## Task statement
When the line containing "COLDEST Sports Water" appears in the data below, begin copying there and stop only after the line containing "Image of Striped Panel Knit Jumper".

## Exercise inputs
<<<<
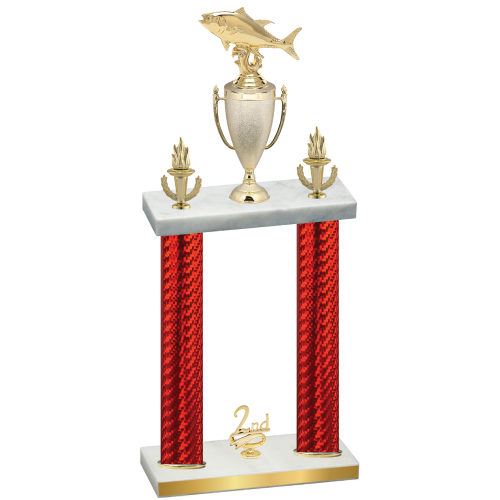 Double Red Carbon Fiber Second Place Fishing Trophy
>>>>
<<<<
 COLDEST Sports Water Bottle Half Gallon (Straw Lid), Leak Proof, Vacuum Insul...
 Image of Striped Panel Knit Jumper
>>>>
## Worked solution
 COLDEST Sports Water Bottle Half Gallon (Straw Lid), Leak Proof, Vacuum Insul...
 Image of Striped Panel Knit Jumper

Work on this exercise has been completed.